1 Cuando Israel era niño, yo lo amé, y de Egipto llamé a mi hijo. 2 Pero mientras los llamaba, más se alejaban de mí. Ofrecieron sacrificios a los baales y quemaron incienso ante los ídolos.
3 Yo, sin embargo, le enseñaba a andar a Efraím, sujetándolo de los brazos, pero ellos no entendieron que yo cuidaba de ellos. 4 Yo los trataba con gestos de ternura, como si fueran personas. Era para ellos como quien les saca el bozal del hocico y les ofrece en la mano el alimento.
5 Pero ¡volverán a Egipto! Ya que no han querido volver a mí, tendrán por rey a Asiria. 6 La espada arrasará sus ciudades, exterminará a sus hijos y se saciará con sus fortalezas.
7 Mi pueblo está pagando ahora su infidelidad. Llamen si quieren a Baal, pero nadie lo levantará. 8 ¿Cómo voy a dejarte abandonado, Efraím? ¿Cómo no te voy a rescatar, Israel? ¿Será posible que te abandone como a Adma o que te trate igual que a Seboím?

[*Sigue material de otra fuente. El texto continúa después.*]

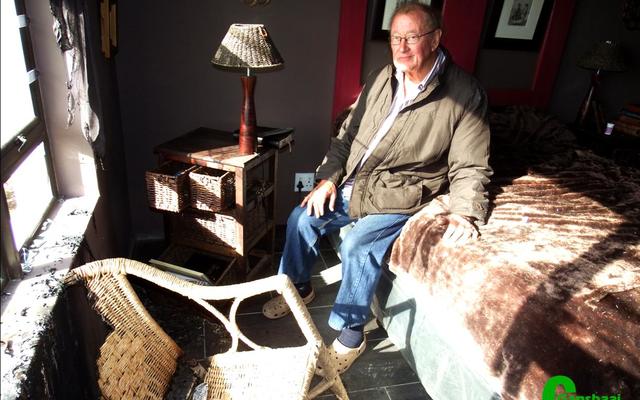 AndrÃ© Vorster sit moedeloos op hulle bed in die roetgevulde slaapkamer, met sy vrou, Judith, se verbrande rottangstoel voor hom en die venstertjie wat uitgeslaan is, skuins bokant die stoel.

Mi corazón se conmueve y se remueven mis entrañas. 9 No puedo dejarme llevar por mi indignación y destruir a Efraím, pues soy Dios y no hombre. Yo soy el Santo que está en medio de ti, y no me gusta destruir.
10 Ustedes seguirán a Yavé, que rugirá como león. Sí, rugirá y sus hijos vendrán temblorosos desde el occidente. 11 De Egipto acudirán como pájaros, del país de Asur como palomas, y haré que vuelvan a habitar sus casas, palabra de Yavé.
Israel es el niño mimado de Dios. En otro tiempo lo sacó de Egipto, y desde entonces viene llamándolo y tratando de atraerlo hacia sí, mas Israel sigue su conducta depravada, que le acarreará castigos.
Soy Dios y no hombre (9). Los percances que nos parecen castigos de Dios son, en realidad, los medios que él considera más apropiados para llevar a cabo la formación de cada persona (ver Heb 12,7; 2 Ma 6,16; Sab 11,23).